Homicide is a term applied to all unlawful killings. They include murder,manslaughter and other unlawful killings such as death by dangerous driving,among others. The analysts had found homicides recorded as non crime incidents, homicides notrecorded until a long time after they occurred and homicides where the wrong weapon was recorded in the classification.
Other homicides were recorded in the wrong year, some were recorded as public disorder incidents and in one case involving murder and suicide it was recorded as a “non crime” incident.
Ms West, the deputy head of the Garda Analysis Service, said when the first shortcomings in how the Garda was recording homicides emerged in late 2016 she told Ms Galligan, the analyst who uncovered the errors, the issue was of deep concern to her.
“I said we need to smack the [GARDA]organisation around the face with this. This is potentially very explosive,” she told the committee this morning.
She also said the inaccurate and incomplete records compiled by the Garda on the PULSE computer database completely undermined the force’s ability to tackle and solve crime.
It also undermined the Garda’s ability to protect potential victims; including women at risk of being harmed by partners with a previous history of very violent conduct, up to and including murder.
Ms West said of the errors with the homicide data down the years: “It went to the heart of the ability of the Garda to serve and protect the public.”
She also had concerns that suspect behaviour and even serious crimes were not being filed under the names of the people they have should been in Garda records. Because of this, the Garda vetting of people who needed Garda clearance to work with children or vulnerable people may now be missing warning signs or even past crimes of people who apply for clearance.

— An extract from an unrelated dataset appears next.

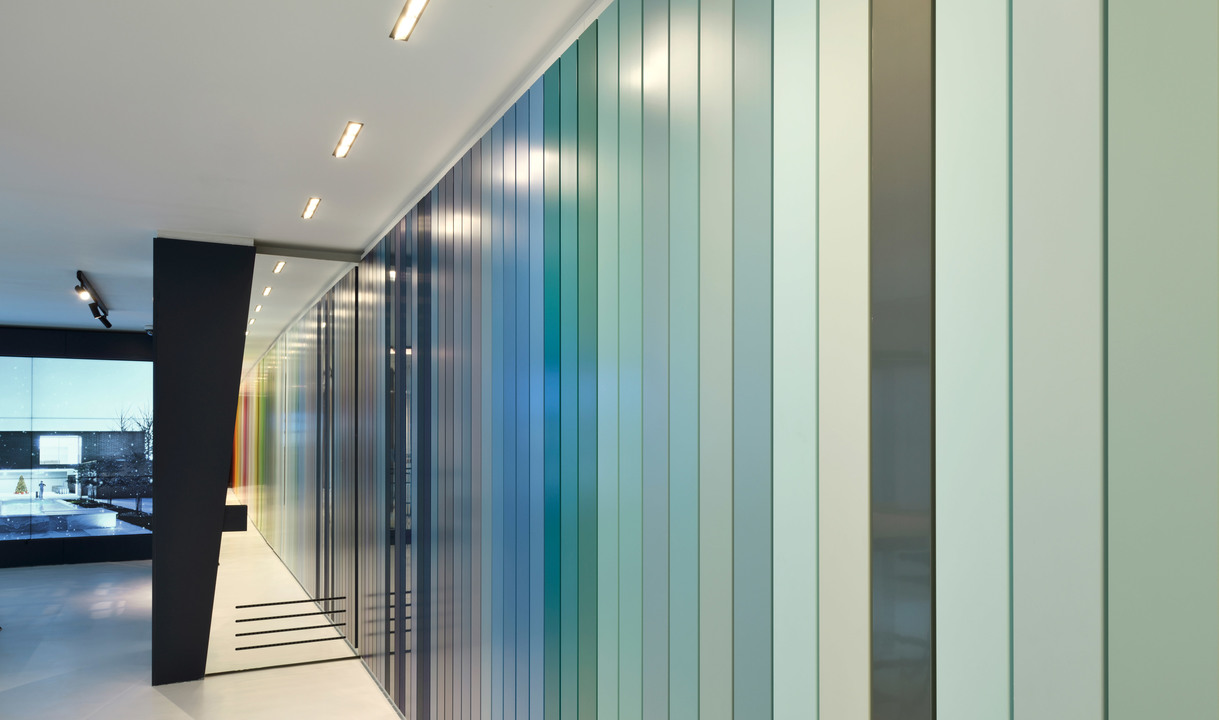 Corridoio moderno con grande parete illuminata di pannelli in vetro verticali multicolori, che sfumano dal blu al verde, illuminati da faretti a soffitto incassati.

Ms West was “aghast” when senior Garda management last year presented a report on the homicide misclassifications to the Policing Authority and tried pass it off as a “joint enterprise” between Garda officers and civilian analysts.
Analysts were excluded by the Garda offices from the process of drawing-up that report, yet it was presented to the authority as a report by the analysts.
When the analysts eventually saw the report, they realised it was littered with errors and findings that under estimated the extent of the misclassification of homicides.
That report was presented to the Policing Authority last April. Internally Ms West and Ms Galligan continued to apply pressure for the Garda to accept correct methodology for counting and classifying crimes.
Eventually, after much media coverage of the growing controversy, it was agreed Ms Galligan’s methodology for counting crime would be used.
And when a second report was presented to the Policing Authority last September the findings were very different to the report presented in April.
Both reports covered homicides in the period from 2013 to 2015 and in the September report some 12 deaths needed to be upgraded to homicides.
And now a wider review was underway for all homicides committed between 2003 and 2017.